White Pelicans find a landing spot in a brand new piece of real estate.
On the west bank of Plaquemines Parish, the state has built several hundred acres of land, dredging the river bottom and delivering sand and dirt by pipeline. In 20 years, barring some force that pushes back the salt water chewing at Louisiana's coast, scientists estimate that nearly a third of the project will be gone.
State planners saw a solution in the Mid-Barataria Sediment Diversion. Seven times larger than existing fresh diversions, it would channel fresh water and land-building silt into the marsh.
"This isn't ever supposed to be here," said Scott Eustis, Coastal Wetland Specialist for the Gulf Restoration Network, as he held up a chunk of coal.
"Everywhere we go when we walk through the coastal restoration project, there's these dice- and golf ball-sized pieces."
Eustis said coal and petroleum coke product, a bi-product of refining, can be found dotting the Lake Hermitage site, carried there by pipe from coal export facilities and barges on the river several miles away.
"It's dirty. We're constantly cleaning it," said Warren Lawrence, a resident of nearby Myrtle Grove.
Now, Ram Terminals proposes yet another facility, which would straddle the proposed river diversion. Lawrence worries about mile-long long coal trains servicing the new terminal.
"At my age, it's not so much a concern for me, and my grandchildren and generations to come," Lawrence said. "What will be there for them?"
Eustis complains the state granted a coastal use permit for the terminal despite a study from its own scientists, which found that the terminal could cut the river flow by 19 percent.
A slower moving river would deliver less sediment through the diversion, partly defeating its purpose.
"An out-of-town coal company should not be able to waltz in and decide what happens with the state restoration program," Eustis said.
State officials cite a Memorandum of Agreement between the state and Ram Terminals to limit operations at times of high water when the diversion would run. In that case, the effect on river flow could be as little as two percent.
"The terminal itself will not affect whether or not we can operate the diversion," said Jerome Zeringue, Chairman of the Louisiana Coastal Protection and Restoration Authority.

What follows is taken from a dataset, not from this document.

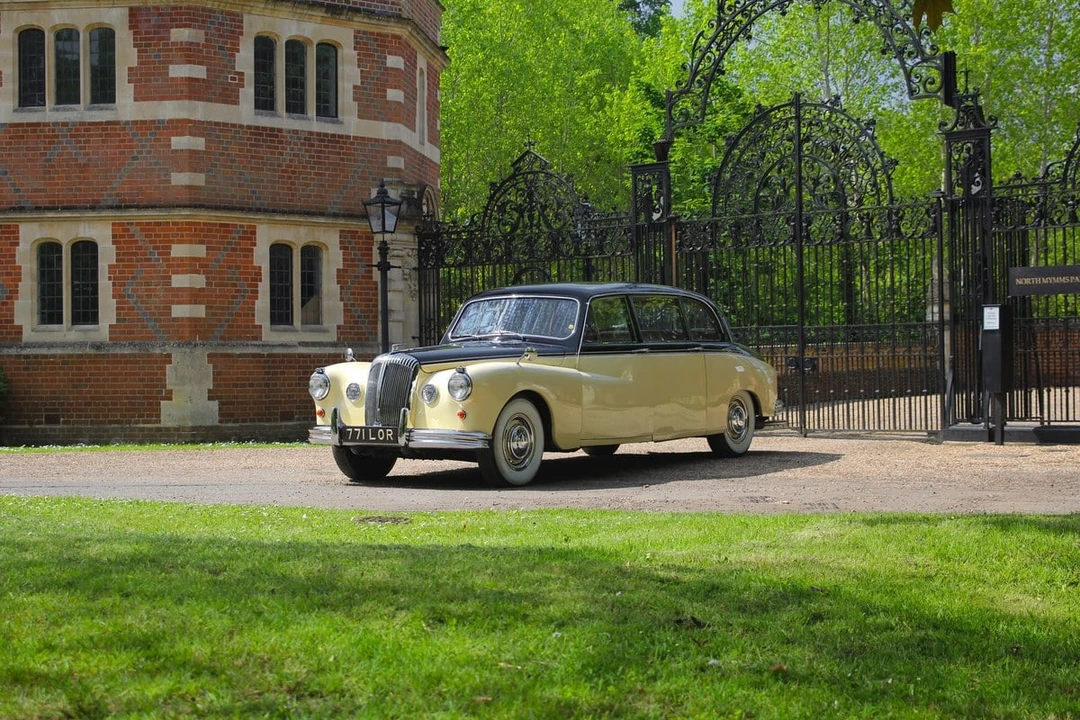 1964 Daimler - Image 18 of 30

Environmentalists voice concern about how enforceable the agreement is given what they see as existing pollution problems that go unaddressed.

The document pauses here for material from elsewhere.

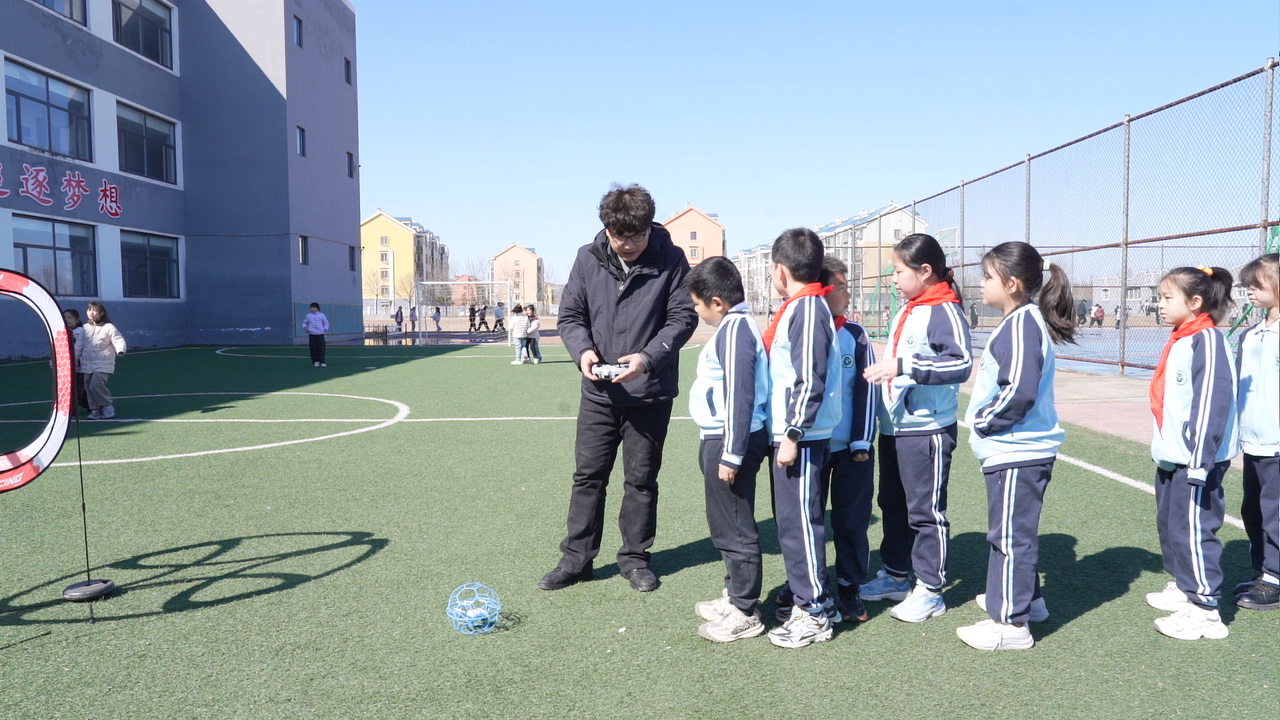 迁安市科协组织科普志愿者走进马兰社区完全小学，开展无人机足球、航模科普进校园活动。郭强摄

State officials put a new wrinkle into the argument Thursday when they told FOX 8 they have paused design work on the diversion.
Originally estimated to cost $300 million, the early engineering work suggests costs would balloon to anywhere form $600 million to $1.2 billion, depending on what construction methods the state might be forced to use.

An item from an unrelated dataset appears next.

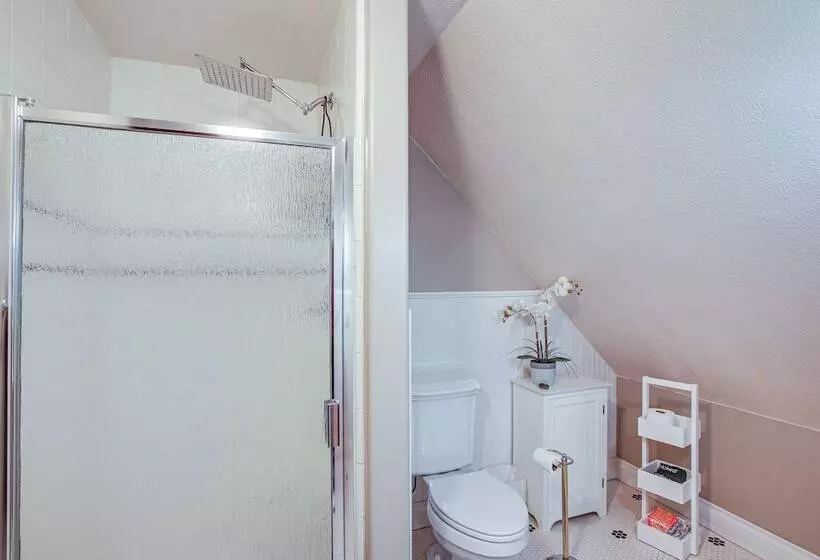Charming Coeur D Alene Home, Walk To Downtown!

The state and the U.S. Army Corps of Engineers have partnered in a $12.5 million hydrodynamic study of the Mississippi River, aimed at determining the best spots for diversions.
In an interview last month, Zeringue said computer models are now being run on four possible diversion sites, including Mid-Barataria.
The state may downsize Mid-Barataria, or choose to build elsewhere.
Zeringue said the diversion could be reduced to as little as 30,000 cubic feet per second, from its original size of 75,000 cfs. However, he said models indicate diversions on a massive scale might not always be necessary to produce land.
"We were able to determine that we're able to achieve the benefits with smaller diversions."